AVAILABLE RECORDS →
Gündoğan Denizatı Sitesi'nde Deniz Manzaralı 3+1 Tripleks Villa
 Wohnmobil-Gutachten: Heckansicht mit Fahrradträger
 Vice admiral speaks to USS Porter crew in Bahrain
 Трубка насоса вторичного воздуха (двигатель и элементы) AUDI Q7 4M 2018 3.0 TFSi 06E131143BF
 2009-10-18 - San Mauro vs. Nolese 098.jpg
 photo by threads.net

---

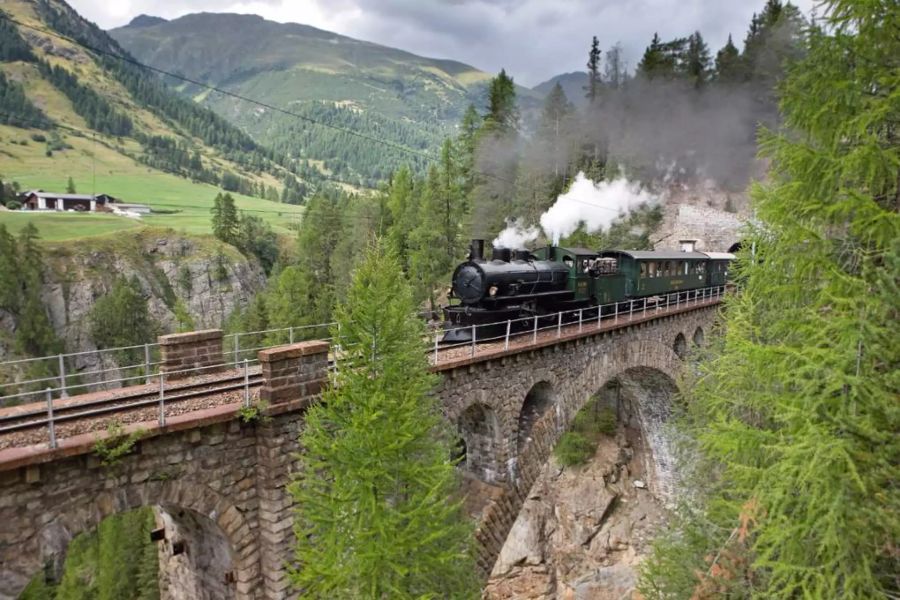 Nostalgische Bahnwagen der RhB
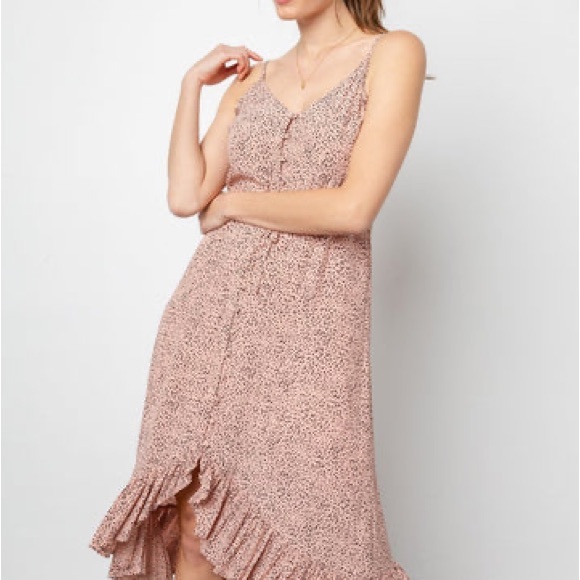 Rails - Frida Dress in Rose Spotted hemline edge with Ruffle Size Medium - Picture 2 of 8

...

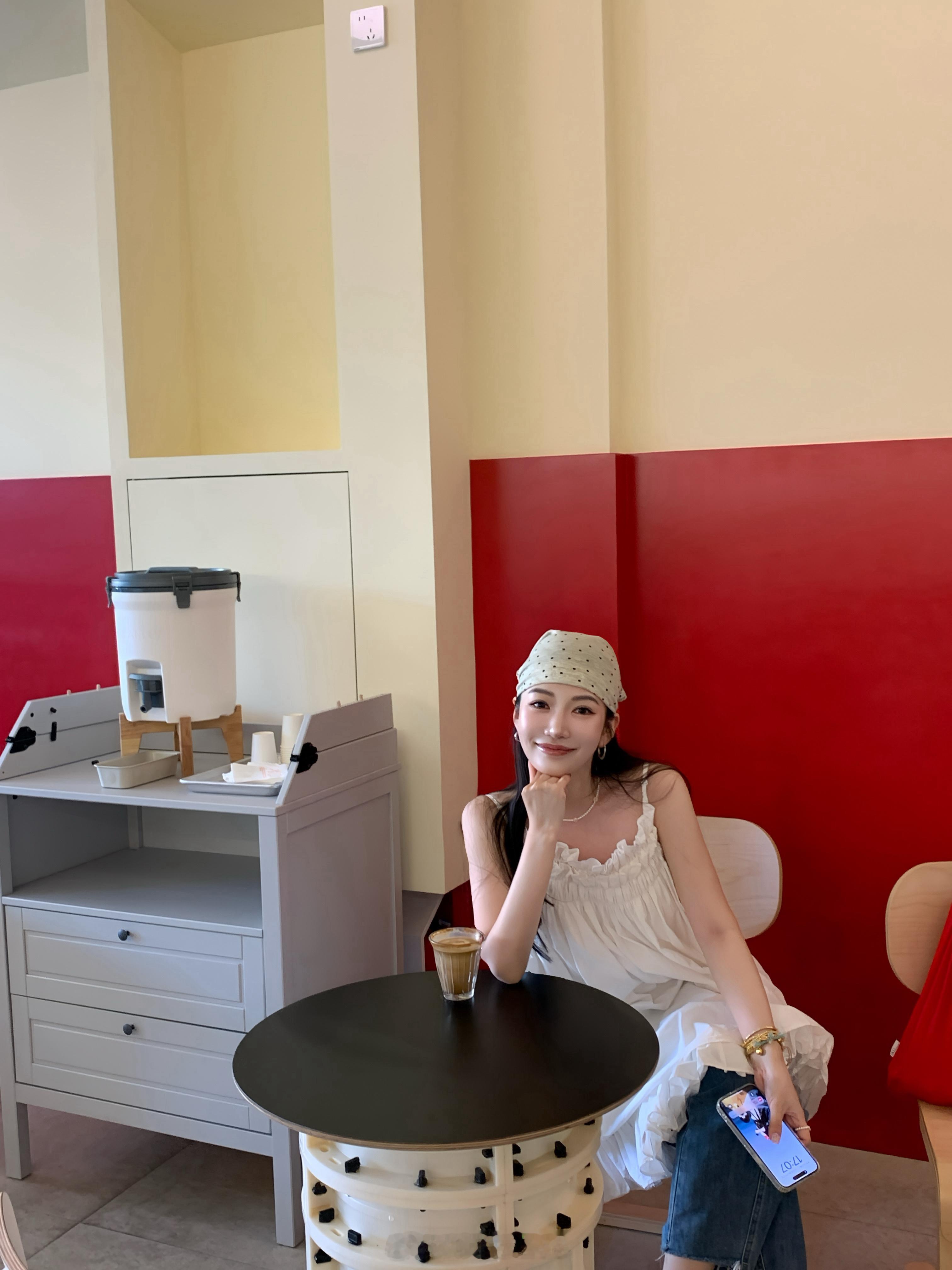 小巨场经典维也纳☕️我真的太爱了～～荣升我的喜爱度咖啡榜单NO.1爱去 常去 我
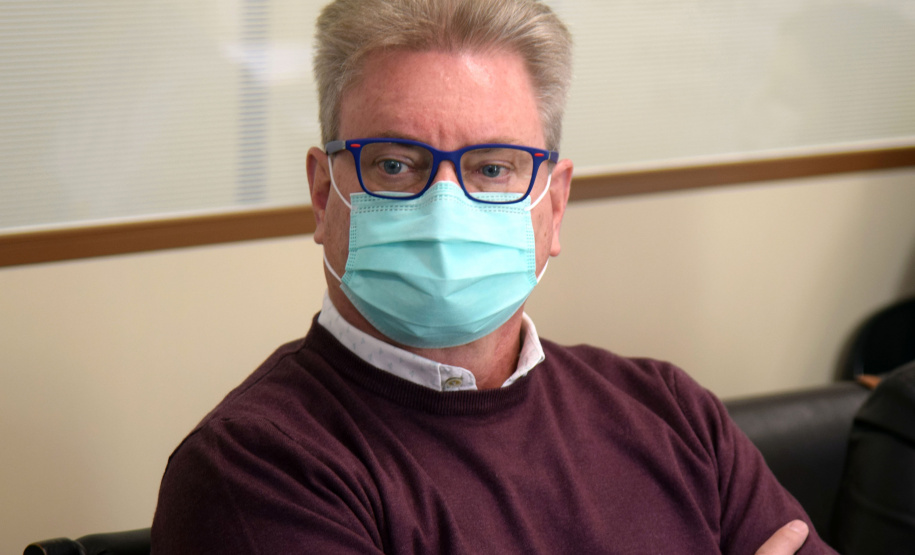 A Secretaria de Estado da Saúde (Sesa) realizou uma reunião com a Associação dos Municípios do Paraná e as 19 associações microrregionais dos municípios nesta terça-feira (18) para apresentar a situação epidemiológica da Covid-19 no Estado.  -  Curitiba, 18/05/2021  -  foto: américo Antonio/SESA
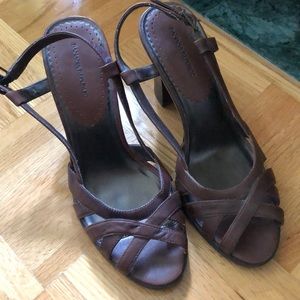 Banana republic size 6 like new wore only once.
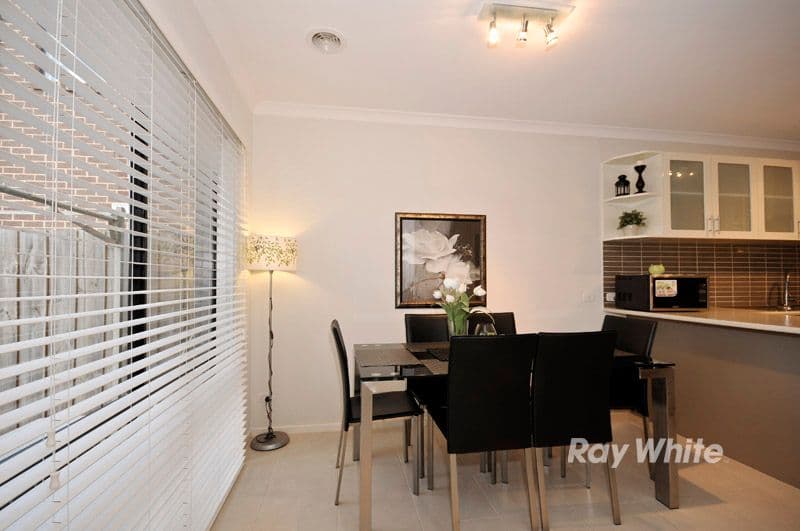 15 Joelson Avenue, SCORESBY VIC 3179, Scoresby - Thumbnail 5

WHAT YOU SHOULD DO → Would you retype the lines above from the one with "Gündoğan Denizatı Sitesi'nde" down to the one with "photo by threads.net", word for word, both ends included and no other lines?

TASK SOLUTION →
Gündoğan Denizatı Sitesi'nde Deniz Manzaralı 3+1 Tripleks Villa
 Wohnmobil-Gutachten: Heckansicht mit Fahrradträger
 Vice admiral speaks to USS Porter crew in Bahrain
 Трубка насоса вторичного воздуха (двигатель и элементы) AUDI Q7 4M 2018 3.0 TFSi 06E131143BF
 2009-10-18 - San Mauro vs. Nolese 098.jpg
 photo by threads.net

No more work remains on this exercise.